### [PROBLEM DETAILS]
Search the data below for the word "Grey" and copy each line that holds it.

Entries taken from a collection:
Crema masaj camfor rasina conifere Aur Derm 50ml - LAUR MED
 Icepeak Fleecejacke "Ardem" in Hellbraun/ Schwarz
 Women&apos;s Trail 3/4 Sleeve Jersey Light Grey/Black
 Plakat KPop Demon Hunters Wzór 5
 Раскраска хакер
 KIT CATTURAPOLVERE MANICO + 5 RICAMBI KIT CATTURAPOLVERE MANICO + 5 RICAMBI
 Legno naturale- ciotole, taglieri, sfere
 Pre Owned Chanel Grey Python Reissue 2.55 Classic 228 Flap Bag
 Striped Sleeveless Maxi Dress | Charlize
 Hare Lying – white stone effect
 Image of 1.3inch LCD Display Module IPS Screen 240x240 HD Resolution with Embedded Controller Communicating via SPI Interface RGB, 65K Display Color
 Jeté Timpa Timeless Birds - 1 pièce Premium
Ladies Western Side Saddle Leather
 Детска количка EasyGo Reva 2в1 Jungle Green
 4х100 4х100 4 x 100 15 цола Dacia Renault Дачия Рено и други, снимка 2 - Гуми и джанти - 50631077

### [EXERCISE ANSWER]
 Women&apos;s Trail 3/4 Sleeve Jersey Light Grey/Black
 Pre Owned Chanel Grey Python Reissue 2.55 Classic 228 Flap Bag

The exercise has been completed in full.